_TASK TO CARRY OUT:_
With the pictures removed, the data below must be transcribed in full and exactly.

_RECORDS PROVIDED:_
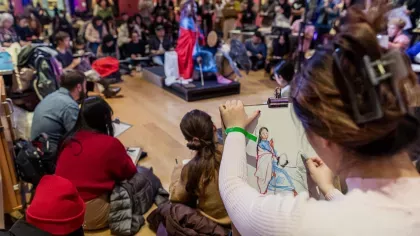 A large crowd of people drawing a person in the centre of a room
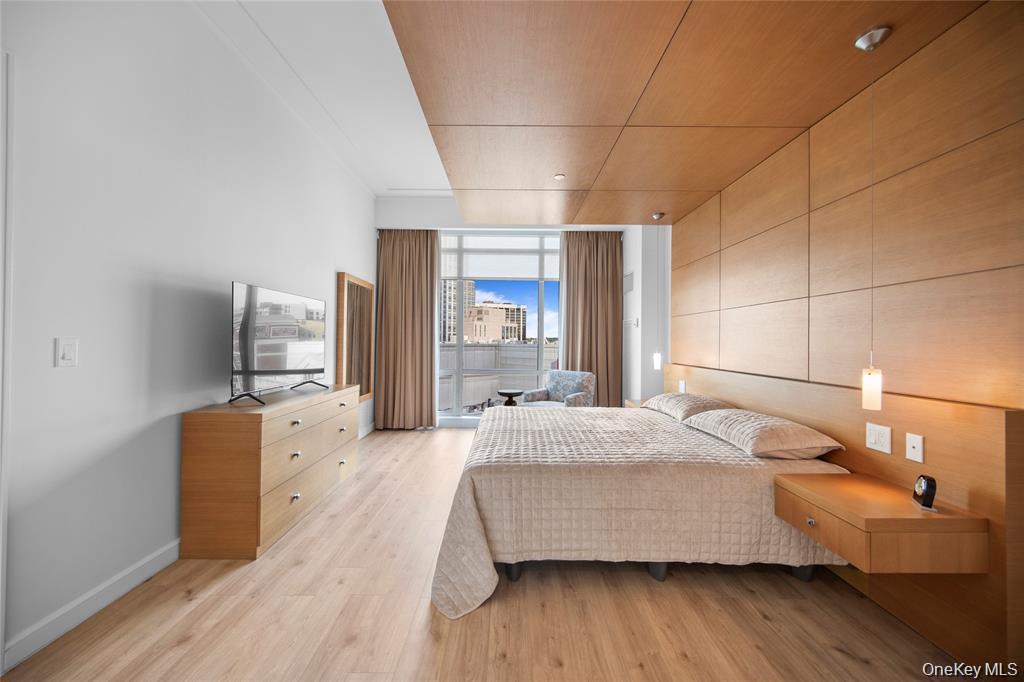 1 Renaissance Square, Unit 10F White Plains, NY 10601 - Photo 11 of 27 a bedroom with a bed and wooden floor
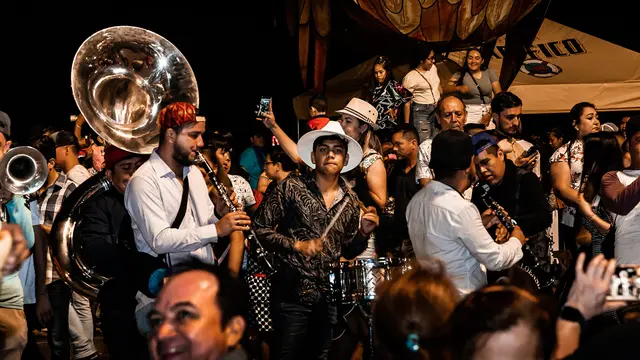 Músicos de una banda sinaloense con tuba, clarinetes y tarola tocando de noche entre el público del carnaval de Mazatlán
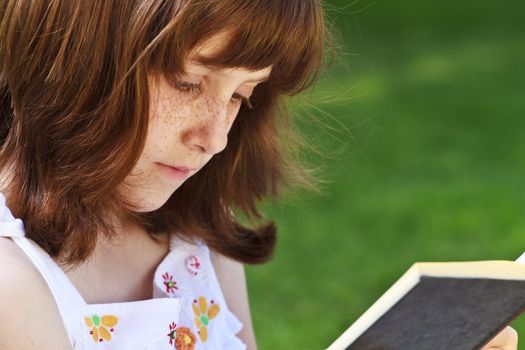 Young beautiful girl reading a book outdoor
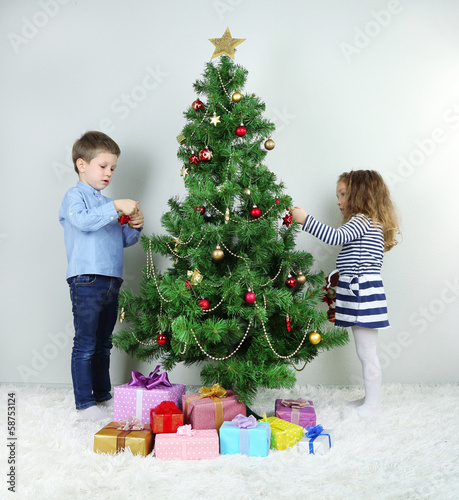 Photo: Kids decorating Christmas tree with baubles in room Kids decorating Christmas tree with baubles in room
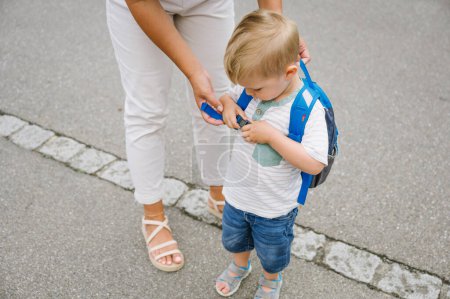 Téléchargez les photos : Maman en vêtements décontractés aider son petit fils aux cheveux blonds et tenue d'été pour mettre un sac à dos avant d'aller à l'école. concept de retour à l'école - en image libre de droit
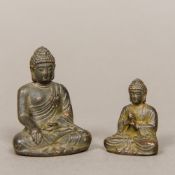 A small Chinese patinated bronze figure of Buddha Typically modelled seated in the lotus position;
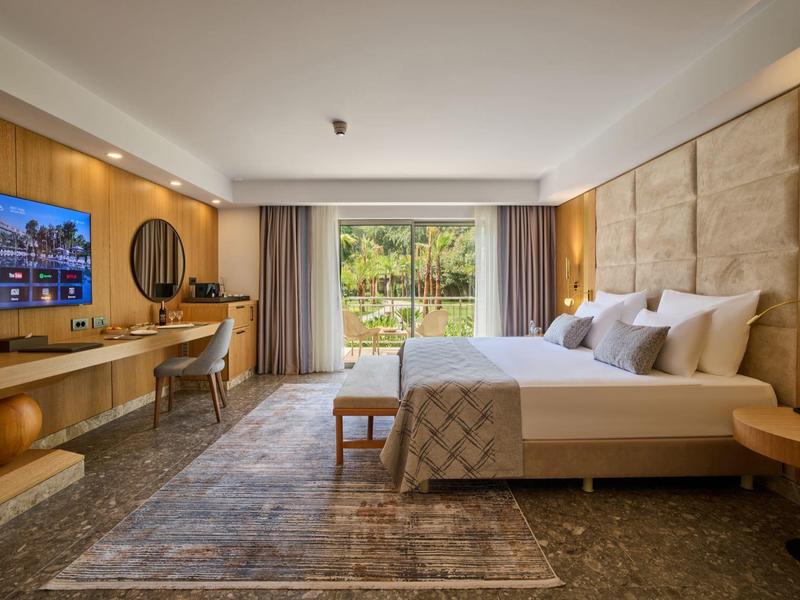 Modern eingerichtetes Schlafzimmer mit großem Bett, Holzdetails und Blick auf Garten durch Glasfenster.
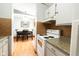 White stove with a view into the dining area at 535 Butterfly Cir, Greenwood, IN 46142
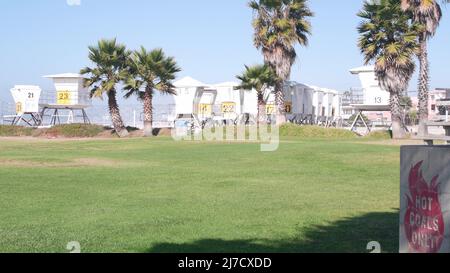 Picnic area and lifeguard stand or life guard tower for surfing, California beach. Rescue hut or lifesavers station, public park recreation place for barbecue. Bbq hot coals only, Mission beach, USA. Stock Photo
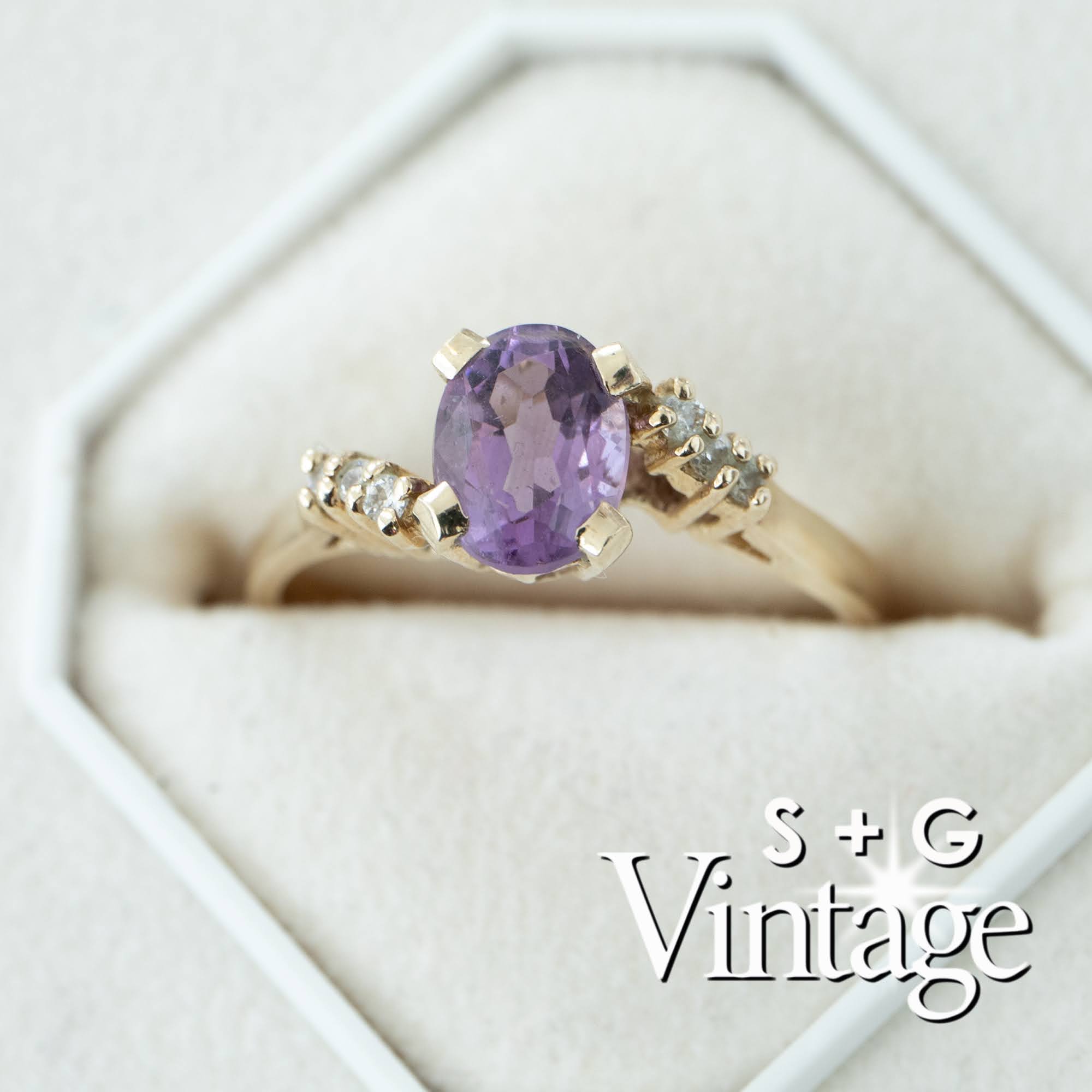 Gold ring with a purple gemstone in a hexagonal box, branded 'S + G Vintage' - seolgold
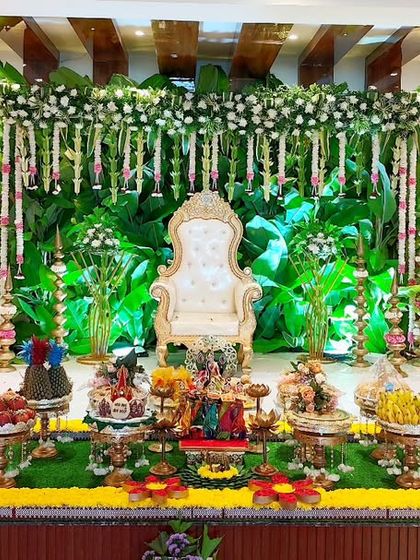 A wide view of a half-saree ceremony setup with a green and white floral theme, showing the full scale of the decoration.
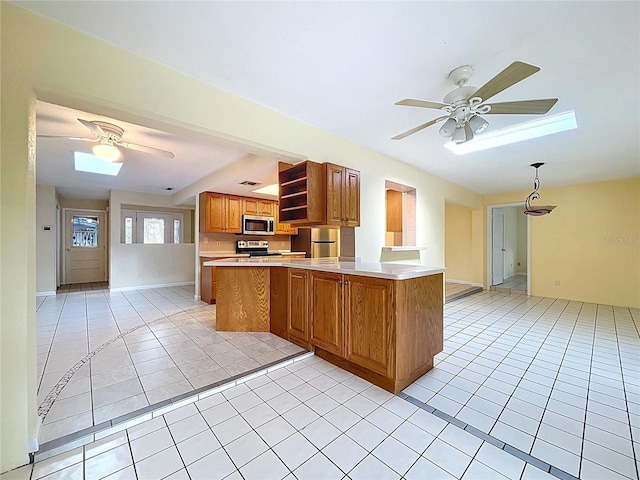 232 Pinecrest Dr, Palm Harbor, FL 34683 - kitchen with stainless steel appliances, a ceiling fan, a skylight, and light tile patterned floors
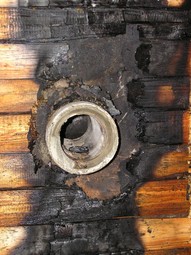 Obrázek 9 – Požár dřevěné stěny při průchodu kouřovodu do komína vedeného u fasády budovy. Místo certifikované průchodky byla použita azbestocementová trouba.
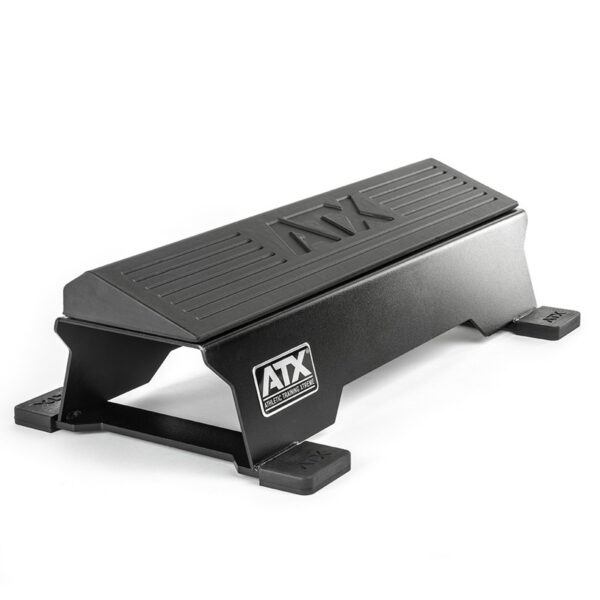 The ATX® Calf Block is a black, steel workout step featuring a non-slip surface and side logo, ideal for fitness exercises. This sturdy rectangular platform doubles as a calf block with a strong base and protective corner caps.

_EXERCISE RESPONSE:_
 A large crowd of people drawing a person in the centre of a room
 1 Renaissance Square, Unit 10F White Plains, NY 10601 - Photo 11 of 27 a bedroom with a bed and wooden floor
 Músicos de una banda sinaloense con tuba, clarinetes y tarola tocando de noche entre el público del carnaval de Mazatlán
 Young beautiful girl reading a book outdoor
 Photo: Kids decorating Christmas tree with baubles in room Kids decorating Christmas tree with baubles in room
 Téléchargez les photos : Maman en vêtements décontractés aider son petit fils aux cheveux blonds et tenue d'été pour mettre un sac à dos avant d'aller à l'école. concept de retour à l'école - en image libre de droit
 A small Chinese patinated bronze figure of Buddha Typically modelled seated in the lotus position;
 Modern eingerichtetes Schlafzimmer mit großem Bett, Holzdetails und Blick auf Garten durch Glasfenster.
 White stove with a view into the dining area at 535 Butterfly Cir, Greenwood, IN 46142
 Picnic area and lifeguard stand or life guard tower for surfing, California beach. Rescue hut or lifesavers station, public park recreation place for barbecue. Bbq hot coals only, Mission beach, USA. Stock Photo
 Gold ring with a purple gemstone in a hexagonal box, branded 'S + G Vintage' - seolgold
 A wide view of a half-saree ceremony setup with a green and white floral theme, showing the full scale of the decoration.
 232 Pinecrest Dr, Palm Harbor, FL 34683 - kitchen with stainless steel appliances, a ceiling fan, a skylight, and light tile patterned floors
 Obrázek 9 – Požár dřevěné stěny při průchodu kouřovodu do komína vedeného u fasády budovy. Místo certifikované průchodky byla použita azbestocementová trouba.
 The ATX® Calf Block is a black, steel workout step featuring a non-slip surface and side logo, ideal for fitness exercises. This sturdy rectangular platform doubles as a calf block with a strong base and protective corner caps.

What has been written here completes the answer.